#### DATA BLOCK

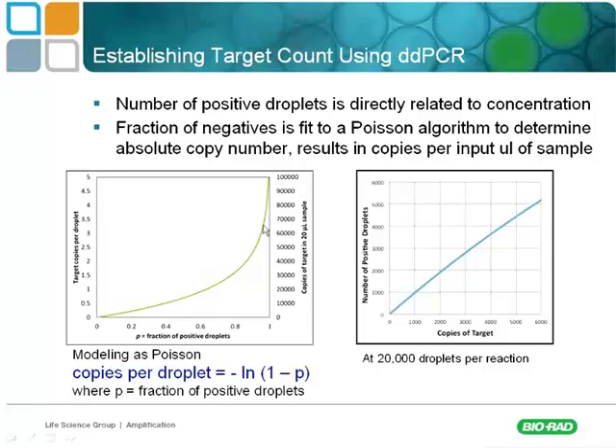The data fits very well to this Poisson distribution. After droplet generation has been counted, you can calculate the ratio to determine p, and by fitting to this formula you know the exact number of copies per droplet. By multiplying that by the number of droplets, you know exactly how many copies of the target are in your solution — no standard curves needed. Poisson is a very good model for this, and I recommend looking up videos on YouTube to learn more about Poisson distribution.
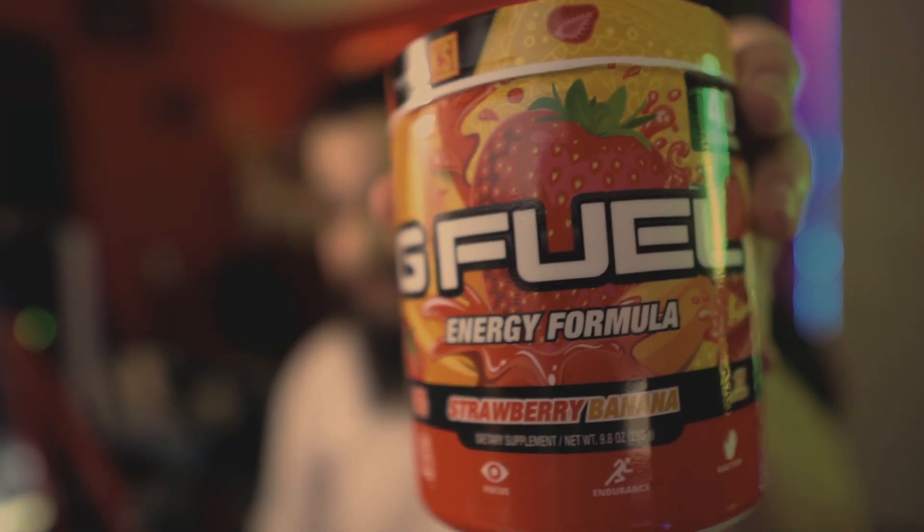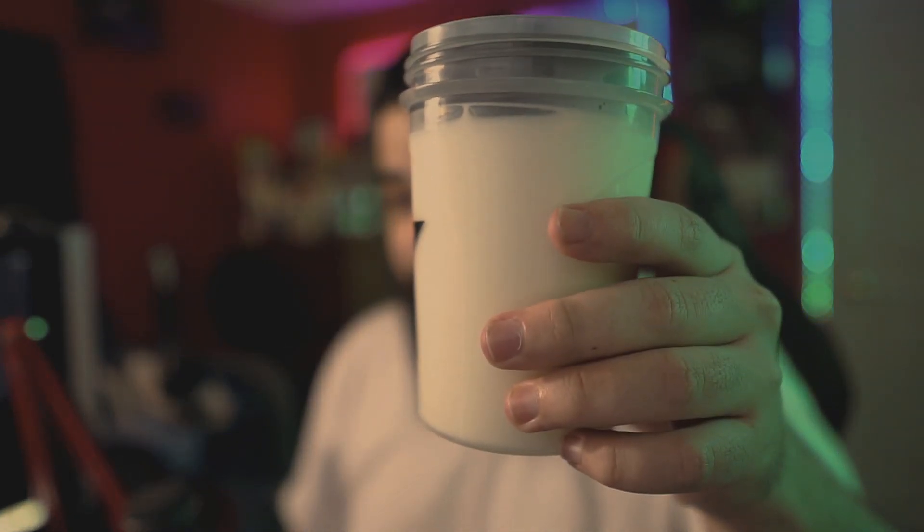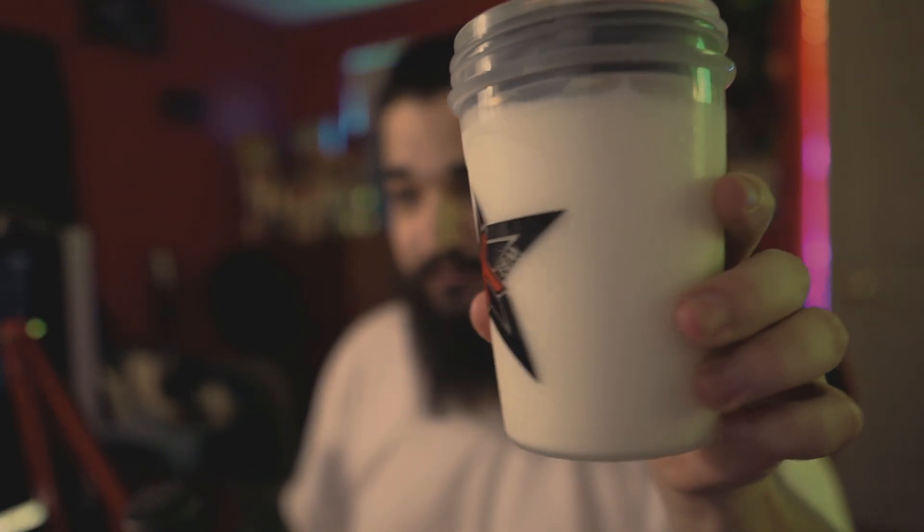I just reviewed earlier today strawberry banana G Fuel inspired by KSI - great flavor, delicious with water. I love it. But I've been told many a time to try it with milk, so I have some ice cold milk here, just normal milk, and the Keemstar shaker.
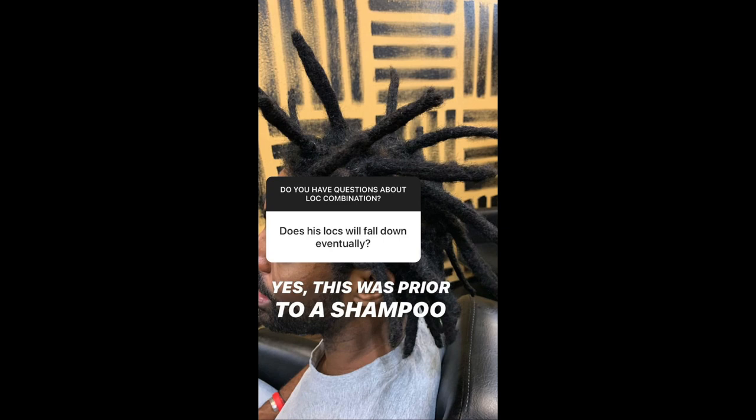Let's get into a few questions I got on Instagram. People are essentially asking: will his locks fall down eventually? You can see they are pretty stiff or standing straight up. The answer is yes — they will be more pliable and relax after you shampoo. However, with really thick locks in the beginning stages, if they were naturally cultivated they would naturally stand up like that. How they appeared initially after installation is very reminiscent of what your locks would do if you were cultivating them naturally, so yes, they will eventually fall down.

########

When you retype the listing, keep every line exactly as it is and drop the pictures.

(WRITTEN ANSWER)
The data fits very well to this Poisson distribution. After droplet generation has been counted, you can calculate the ratio to determine p, and by fitting to this formula you know the exact number of copies per droplet. By multiplying that by the number of droplets, you know exactly how many copies of the target are in your solution — no standard curves needed. Poisson is a very good model for this, and I recommend looking up videos on YouTube to learn more about Poisson distribution.
I just reviewed earlier today strawberry banana G Fuel inspired by KSI - great flavor, delicious with water. I love it. But I've been told many a time to try it with milk, so I have some ice cold milk here, just normal milk, and the Keemstar shaker.
Let's get into a few questions I got on Instagram. People are essentially asking: will his locks fall down eventually? You can see they are pretty stiff or standing straight up. The answer is yes — they will be more pliable and relax after you shampoo. However, with really thick locks in the beginning stages, if they were naturally cultivated they would naturally stand up like that. How they appeared initially after installation is very reminiscent of what your locks would do if you were cultivating them naturally, so yes, they will eventually fall down.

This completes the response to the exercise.